The grammar is the inverse of the Italian curatorial tradition that runs from Carlo Scarpa’s Castelvecchio installation through Achille Castiglioni’s plinths for the 1968 Triennale to the Fondazione Prada’s vitrine-led shows. Where Scarpa privileged the object on its bespoke support, Grcic privileges the field — the dark room, the white room, the painted black object, the single long shelf — within which the object is one term among many. The curatorial argument is in the field, not in the support.

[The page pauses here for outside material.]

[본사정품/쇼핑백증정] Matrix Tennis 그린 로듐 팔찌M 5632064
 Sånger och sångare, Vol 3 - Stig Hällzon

The Deltour show at MADD Bordeaux is the most fully developed application of the grammar. The roughly 180 objects sit on a Perret-Grcic-designed perimeter shelf in the Hôtel de Lalande’s eighteenth-century enfilade rooms; the reconstructed Paris studio occupies a single dedicated room as the staged environment, in the lineage of Panorama’s “Life Space” and “Work Space” but compressed to one. The lighting is raked. The text is minimal. The colour of the rooms is the original cream-and-ivory of the Lalande hôtel, left visible behind the work as the Villa Maraini’s umber and ochre walls were left visible behind the black objects of 2010–11.
Coda: The First Memorial
In the Night Fever scenography of 2018 and the White Out installation of 2025–26, Grcic is the designer translating someone else’s thesis into a room. In Design Real, Comfort, Black2 and Panorama, he is the designer making the argument himself. In An Apparent Simplicity, for the first time, he is the designer staging the work of a colleague who can no longer stage her own. The reconstructed Paris office at the end of the MADD enfilade — the notebooks, the sample books, the personal objects on a single long table — is the device by which the Grcic exhibition grammar holds a memorial form without sentimentality. Pauline Deltour spent four years inside KGID in Munich before opening the Paris studio in 2010 and producing 180 designs in ten years; the room at the Hôtel de Lalande returns her, in the shelf-and-table vocabulary she helped develop with Grcic, to the public she had begun to find when she died on 10 September 2021. It is the seventh show in seventeen years, and the first one Grcic has staged for someone else’s complete career rather than the start or middle of his own.